» **Task goal**:
Return every line from the records below that has the word "Piece".

Start of The records

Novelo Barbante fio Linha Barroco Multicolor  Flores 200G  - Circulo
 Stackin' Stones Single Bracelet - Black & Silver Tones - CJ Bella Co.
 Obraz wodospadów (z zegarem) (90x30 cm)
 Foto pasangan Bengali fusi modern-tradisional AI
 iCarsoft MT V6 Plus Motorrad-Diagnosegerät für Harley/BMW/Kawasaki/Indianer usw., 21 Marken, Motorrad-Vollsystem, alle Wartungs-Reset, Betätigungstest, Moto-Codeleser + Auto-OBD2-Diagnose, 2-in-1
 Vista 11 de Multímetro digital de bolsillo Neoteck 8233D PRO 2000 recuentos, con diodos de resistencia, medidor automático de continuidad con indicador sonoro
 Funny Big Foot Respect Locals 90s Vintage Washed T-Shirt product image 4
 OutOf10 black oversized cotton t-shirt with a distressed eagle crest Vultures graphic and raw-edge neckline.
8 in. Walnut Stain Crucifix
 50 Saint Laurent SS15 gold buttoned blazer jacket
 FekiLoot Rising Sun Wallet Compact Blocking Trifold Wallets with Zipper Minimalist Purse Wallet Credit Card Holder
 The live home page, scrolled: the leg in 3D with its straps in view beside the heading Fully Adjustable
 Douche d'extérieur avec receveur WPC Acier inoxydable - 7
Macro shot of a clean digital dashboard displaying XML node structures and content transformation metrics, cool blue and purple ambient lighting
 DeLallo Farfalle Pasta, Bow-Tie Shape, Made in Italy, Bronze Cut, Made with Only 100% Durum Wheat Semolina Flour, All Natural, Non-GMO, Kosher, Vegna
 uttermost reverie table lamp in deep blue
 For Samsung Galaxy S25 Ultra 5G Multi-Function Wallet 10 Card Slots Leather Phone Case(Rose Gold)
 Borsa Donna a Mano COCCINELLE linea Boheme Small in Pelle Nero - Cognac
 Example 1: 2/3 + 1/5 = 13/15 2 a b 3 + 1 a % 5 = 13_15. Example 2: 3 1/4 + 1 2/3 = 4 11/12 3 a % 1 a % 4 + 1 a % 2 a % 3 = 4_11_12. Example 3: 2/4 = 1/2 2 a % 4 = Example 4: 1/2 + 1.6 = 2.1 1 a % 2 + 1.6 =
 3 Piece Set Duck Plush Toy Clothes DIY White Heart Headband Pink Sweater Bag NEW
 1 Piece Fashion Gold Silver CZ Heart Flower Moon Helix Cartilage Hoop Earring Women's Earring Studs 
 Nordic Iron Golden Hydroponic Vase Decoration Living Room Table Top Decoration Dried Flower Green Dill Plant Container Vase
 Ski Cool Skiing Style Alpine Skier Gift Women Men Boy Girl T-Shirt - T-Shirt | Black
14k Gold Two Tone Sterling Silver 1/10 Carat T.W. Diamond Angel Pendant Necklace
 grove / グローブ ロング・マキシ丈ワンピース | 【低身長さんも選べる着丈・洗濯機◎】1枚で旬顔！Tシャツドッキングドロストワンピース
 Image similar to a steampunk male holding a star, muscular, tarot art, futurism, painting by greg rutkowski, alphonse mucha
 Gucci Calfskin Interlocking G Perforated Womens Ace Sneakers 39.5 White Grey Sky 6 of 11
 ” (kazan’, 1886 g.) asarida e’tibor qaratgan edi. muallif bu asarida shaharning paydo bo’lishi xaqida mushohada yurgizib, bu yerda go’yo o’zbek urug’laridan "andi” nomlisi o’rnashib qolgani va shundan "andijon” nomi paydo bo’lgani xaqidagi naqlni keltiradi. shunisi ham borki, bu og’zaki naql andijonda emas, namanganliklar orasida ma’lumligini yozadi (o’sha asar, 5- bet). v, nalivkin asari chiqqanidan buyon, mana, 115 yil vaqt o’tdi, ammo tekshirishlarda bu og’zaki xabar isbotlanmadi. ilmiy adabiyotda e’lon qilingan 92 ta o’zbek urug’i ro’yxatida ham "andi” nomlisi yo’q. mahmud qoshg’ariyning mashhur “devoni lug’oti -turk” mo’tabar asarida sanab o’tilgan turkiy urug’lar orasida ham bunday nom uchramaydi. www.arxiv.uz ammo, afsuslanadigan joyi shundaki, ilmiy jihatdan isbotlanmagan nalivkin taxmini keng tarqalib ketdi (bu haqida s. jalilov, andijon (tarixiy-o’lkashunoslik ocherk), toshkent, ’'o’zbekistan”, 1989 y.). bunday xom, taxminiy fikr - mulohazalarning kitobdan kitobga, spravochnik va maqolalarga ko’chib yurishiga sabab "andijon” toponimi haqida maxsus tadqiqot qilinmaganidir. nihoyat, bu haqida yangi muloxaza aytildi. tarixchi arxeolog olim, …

End of The records

» **Response to this exercise**:
 3 Piece Set Duck Plush Toy Clothes DIY White Heart Headband Pink Sweater Bag NEW
 1 Piece Fashion Gold Silver CZ Heart Flower Moon Helix Cartilage Hoop Earring Women's Earring Studs 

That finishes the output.